Re: (Not)XQuery Madhu
- Re: (Not)XQuery Matthew D Swank

From: Madhu
Subject: Re: (Not)XQuery
Date: Sat, 08 Nov 2008 18:48:39 +0000
Message-ID: <m3wsfeuk8o.fsf@moon.robolove.meer.net>

* Matthew D Swank <···················@newsfe01.iad> :
Wrote on Fri, 07 Nov 2008 16:30:56 GMT:

| I have developed some simple tools for working with hierarchical data
| that basically operate on nested association lists.
|
| For example, rs-ref is function that operates on a record-set*, returns a
| list of record sets, and accepts :key and :test arguments for filtering.
|
| A sample query might look like:
|           (rs-ref
|             (as-record-set (root
|                             (record (sub-type1 (tagged-val 1))
|                                     (sub-type2 (tagged-val 2)))
|                             (record (sub-type1 (tagged-val 3))
|                                     (sub-type2 (tagged-val 4)))))
|             '(record sub-type1)
|             :key (lambda (rs) (rs-member rs 'tagged-val))
|             :test (lambda (val) (> val 2)))
|
| =>
| (#<[TREE-NODE|
|     :TYPE SUB-TYPE1 :RECORDS (#<[TREE-LEAF|:TYPE TAGGED-VAL :VALUE 3]>)]>)
|
| The implementation is not terribly optimized.  Usually I read some semi-
| structured file into a record-set, then write out some appropriately
| massaged query data.  It is usually I/O bound, and if I'm consing a lot I
| can provide a context for memoization:
|
| However, I am starting to do more ad hoc joins on data from different
| sources, and it would be nice if I could make this more general and
| efficient.
|
| Any ideas?

Perhaps an existing optimized pattern matcher would work. Here's how the
above example might look in Sunil Mishra's Meta-Circular Pattern
Matcher, MCPat <URL:http://www.sfmishras.com/smishra/mcpat/>

;; Without using :constraints matching, 

(defpackage "MCPAT-USER"
  (:use "CL" "MCPAT"))
(in-package "MCPAT-USER")

(defvar *sexp* '(root
                 (record
                  (sub-type1 (tagged-val 1))
                  (sub-type2 (tagged-val 2)))
                 (record
                  (sub-type1 (tagged-val 3))
                  (sub-type2 (tagged-val 4)))))

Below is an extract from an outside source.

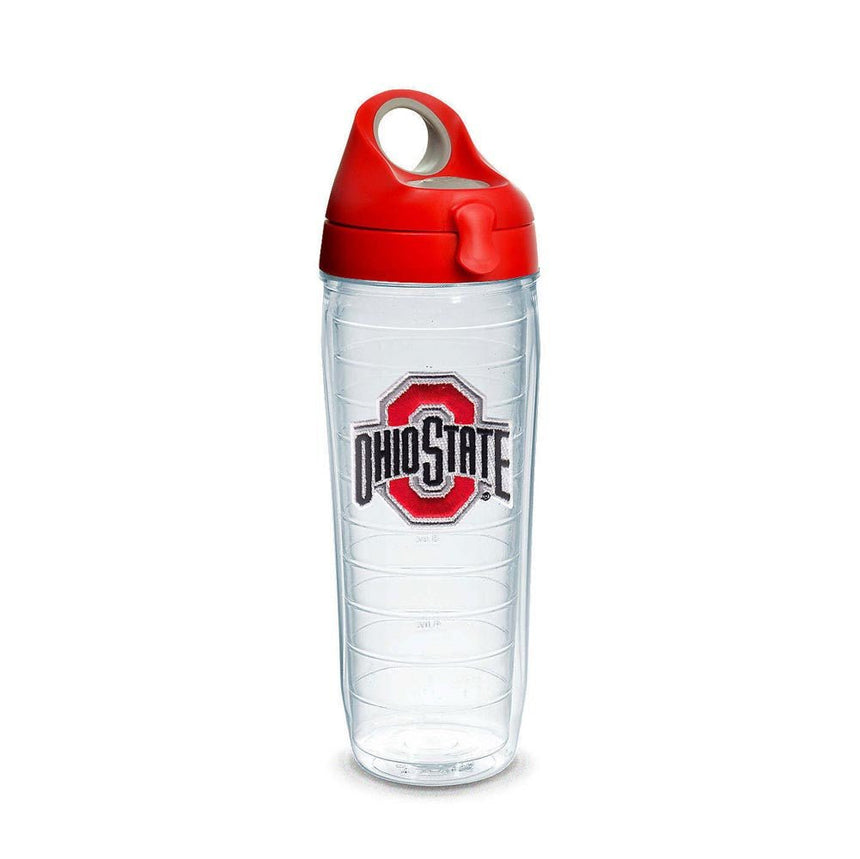 Tervis NCAA 24 Oz Water Bottle - Ohio State University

(in-ruleset :MSWANK-RS encoded-ruleset)
(clear-ruleset :MSWANK-RS)

(defrule root-matcher-42
    ((root . ?records))
  `(:tree-node :type sub-type1 :records ,(mapcan 'solve ?records)))

(defrule record-matcher-42
    ((record . ?subtypes))
  (mapcan (lambda (subtype) (solve `(subtype ,subtype))) ?subtypes)))

(defrule subtype-matcher-42
    ((subtype (?subtype (tagged-val ?val))))
  (when (and (eq ?subtype 'sub-type1)
             (> ?val 2))
    `((:tree-leaf tagged-val ,?val))))

(solve *sexp*)

=> (:TREE-NODE :TYPE SUB-TYPE1 :RECORDS ((:TREE-LEAF TAGGED-VAL 3)))

--
Madhu

From: Matthew D Swank
Subject: Re: (Not)XQuery
Date: Sun, 09 Nov 2008 00:16:23 +0000
Message-ID: <rZpRk.542$2l5.461@newsfe01.iad>

On Sun, 09 Nov 2008 00:18:39 +0530, Madhu wrote:

> * Matthew D Swank <···················@newsfe01.iad> : Wrote on Fri, 07
> Nov 2008 16:30:56 GMT:
> 
> | I have developed some simple tools for working with hierarchical data
> | that basically operate on nested association lists. 
...
> | However, I am starting to do more ad hoc joins on data from different
> | sources, and it would be nice if I could make this more general and |
> efficient.
> |
> | Any ideas?
> 
> Perhaps an existing optimized pattern matcher would work. Here's how the
> above example might look in Sunil Mishra's Meta-Circular Pattern
> Matcher, MCPat <URL:http://www.sfmishras.com/smishra/mcpat/>
> 
> ;; Without using :constraints matching,
> 
> (defpackage "MCPAT-USER"
>   (:use "CL" "MCPAT"))
> (in-package "MCPAT-USER")
> 
> (defvar *sexp* '(root
>                  (record
>                   (sub-type1 (tagged-val 1))
>                   (sub-type2 (tagged-val 2)))
>                  (record
>                   (sub-type1 (tagged-val 3))
>                   (sub-type2 (tagged-val 4)))))
> 
> 
> (in-ruleset :MSWANK-RS encoded-ruleset) (clear-ruleset :MSWANK-RS)
> 
> (defrule root-matcher-42
>     ((root . ?records))
>   `(:tree-node :type sub-type1 :records ,(mapcan 'solve ?records)))
> 
> (defrule record-matcher-42
>     ((record . ?subtypes))
>   (mapcan (lambda (subtype) (solve `(subtype ,subtype))) ?subtypes)))
> 
> (defrule subtype-matcher-42
>     ((subtype (?subtype (tagged-val ?val))))
>   (when (and (eq ?subtype 'sub-type1)
>              (> ?val 2))
>     `((:tree-leaf tagged-val ,?val))))
> 
> (solve *sexp*)
> 
> => (:TREE-NODE :TYPE SUB-TYPE1 :RECORDS ((:TREE-LEAF TAGGED-VAL 3)))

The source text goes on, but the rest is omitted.